IFNγ Analysis by ELISPOT assay
ELISPOT assay was done to measure antigen-specific IFNγ release by PBMCs removed after monocytes attachment. All steps were carried out as per manufacturer’s protocol [CTL Technologies, OH, USA]. The matured DCs (TLDCs or SPDCs or unprimed DCs) were incubated with allogenic non adherent PBMCs at a 1:50 ratio for 24h at 37°C /5% CO2 in IFNγ captured antibody coated wells. The lymphocyte enriched autologous PBMCs were also cultured similarly with matured DCs at 1:10 ratio for 2 weeks and incubated for 48h in IFNγ captured antibody coated wells in the presence of 100 IU/ml IL2 along with respective matured DCs. To avoid inter sample variation we multiplied the spot count with the spot size which is represented as the IFNγ spot Index for each patient. Following manufacturer's instructions spots were scanned using Immunospot versa analyser (CTL, OH, USA) using ImmunoCapture software version 6.4. The spots were then counted using the ImmunoSpot 5.0 ProDC software.
Cytokines Analysis by ELISA
Patients (patient number P7-P9) monocytes derived DC either primed with rhSPAG9 or tumour lysates were generated in 7 days. Post 7 days, SPDCs and TLDCs were cultured in plain Cell Gro medium for 24h without the proinflammatory cytokine. All viable floating matured DCs were collected for DCs-PBMCs cocultures experiments and supernatant (WO) was stored at −80°C for conducting the ELISA experiments. Subsequently, autologous DCs thus generated were further co-cultured with PBMCs for 7 days. Supernatants from each well were collected on Day 7 and stored at −80°C for conducting ELISA experiments. Both IL12p70 and p40 were quantitated separately using the respective ELISA kits (IL12p70 and IL12p40 kit; Biolegend, CA, USA) according to the manufacturer's instructions. The color developed was read at 450nm using Multiskan Ascent (Thermo Electron Corporation, USA).

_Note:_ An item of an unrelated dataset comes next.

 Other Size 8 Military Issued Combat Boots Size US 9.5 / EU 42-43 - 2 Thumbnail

Effect of Cisplatin treatment on autologous PBMC cocultures with dendritic cells
To examine the effect of Cisplatin (Kemoplat, Fresenius Kabi, Germany) on DC function, three different concentrations -150µM (Dose 1), 200µM (Dose 2) and 400µM (Dose 3) (where Dose 2 is equivalent to the clinical dosage) were used. SPDCs were seeded (1X105 cells) into 96 well plate and cultured for 24h at 370C followed by three different doses of cisplatin treatment. Treated SPDC were cocultured with autologous PBMC in 1:10 ratio (n=3; patient number P10-12). The frequency of treatment was day 0, 3 and 5 for monitoring CFSE based proliferation, for up to eight generations which is usually attained within a week. DCs alone as control were treated for 48h with cisplatin and phenotypic marker expression and migratory capacity were analyzed. All experiments were carried out in three independent patients (P10-P12).

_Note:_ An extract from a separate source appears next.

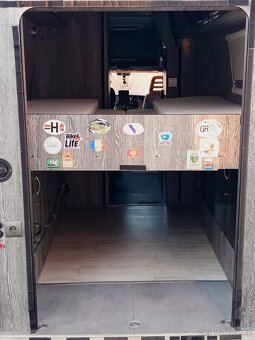 Obytna dodavka iveco daily - 13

Mann-Whitney U test was done to compare unprimed DCs with SPDCs and TLDC with SPDCs. One-way ANOVA (Analysis of variance) was used to compare the phenotypic and functional characteristics of untreated and cultures treated with three different doses of CDDP. All the analyses were done using GraphPad prism 7 software (GraphPad Software, Inc. USA).